One of the lessons of former President Donald Trump’s second impeachment proceedings is that convicting a president is virtually impossible.
The jury in Trump’s impeachment trial, the 100 men and women who make up the Senate, were not only witnesses to the violent insurrection Trump was charged with inciting but were also some of the primary victims of Trump’s alleged crime. The evidence presented at Trump’s trial suggests that he refused to help senators who were being pursued by rioters, including those whose chants suggested they could have quickly become a lynch mob.
And yet, in the end, only seven of the 17 Republicans necessary to convict Trump voted to do so.
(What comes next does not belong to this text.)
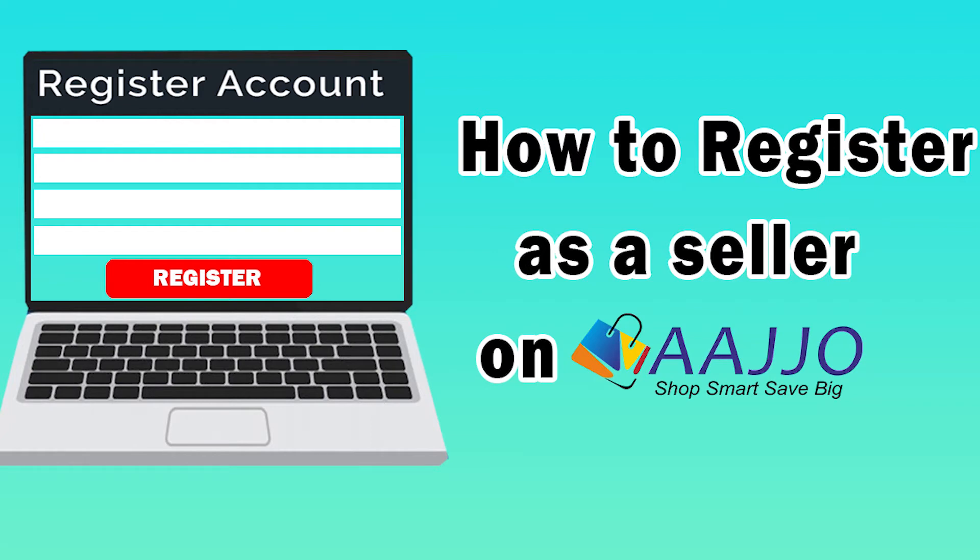How to Register as a Seller on Adjo.com. Many of you have requested a video on how to register as a seller on Adjo.com. Here is the step-by-step procedure. Let's get started.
There are very good reasons why a supermajority vote is required for such a conviction. A federal official who is impeached and convicted may be permanently disqualified from holding office. So if the threshold for conviction were too low, a vengeful political party could potentially impeach everyone in their rival party who has ever held federal office, and permanently strip them of their ability to hold office.
But it also means that a minority of Americans receive an outsize say in who should and should not be convicted.
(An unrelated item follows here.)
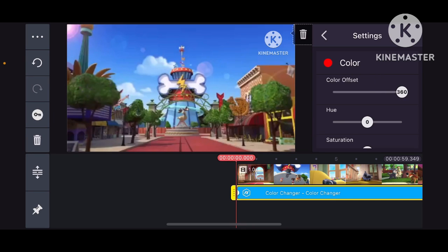Or you could go to color inversion. I mean, or you could go to adjustment.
This is the case because the Senate is structurally biased toward Republicans. Small red states like Wyoming receive the same number of senators as large blue states like California, even though California has 68 times as many people as Wyoming. Although the current Senate is evenly split between Democrats and Republicans, the Democratic half represents nearly 42 million more people than the Republican half.
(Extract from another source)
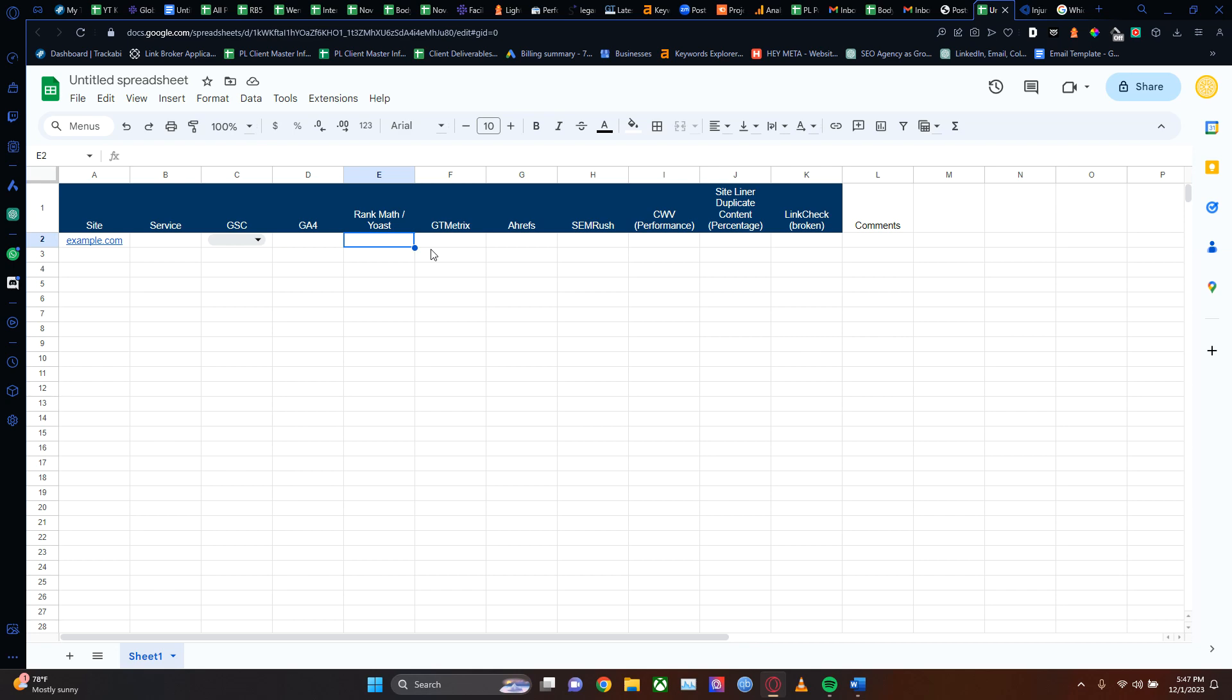GT Metrix - you can either use this or Lighthouse like I showed you guys earlier. In general, it's just good to have two different points of reference. I know both use Lighthouse, but I just like using both.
The Senate’s Republican bias becomes even more striking when you look at Trump’s second impeachment vote. The 57 senators who voted to convict Trump represent about 202 million people, while the 43 senators who voted to acquit represent only about 125 million. In total, the bloc of senators who voted to convict Trump represents 76,704,798 more people than the bloc that voted “not guilty.”
I derived these numbers by using 2019 population estimates from the United States Census Bureau. In each state where both senators voted the same way, I allocated the state’s entire population to either “guilty” or “not guilty.” In states with split delegations, I allocated half of the state’s population to each outcome. You can check my work using this spreadsheet.
For what it’s worth, these numbers suggest that Trump still would have been acquitted even if US senators were chosen in free and fair elections where every vote counts equally. While the bloc of senators who voted to convict represent over 200 million people, that’s a little less than 62 percent of the total population — or less than the two-thirds majority necessary to convict someone in an impeachment trial.
That fact, much like Trump’s second impeachment itself, is a monument to the near insurmountability of the 67-vote threshold applied to presidential impeachments.
All that said, the fact remains that seven senators of Trump’s own party broke with him on this important vote. That’s a historic occasion.
Until Trump’s first impeachment trial in 2020, no senator had ever voted to convict a president of the same party in all of American history — Sen. Mitt Romney (R-UT) was the only Republican who voted for conviction the first time around. Now seven Republicans have deemed Trump unfit for service.
But seven isn’t enough. The high threshold for a conviction also means that some guilty officials will escape sanction, even if their crimes are obvious. And even if those crimes targeted the Capitol itself.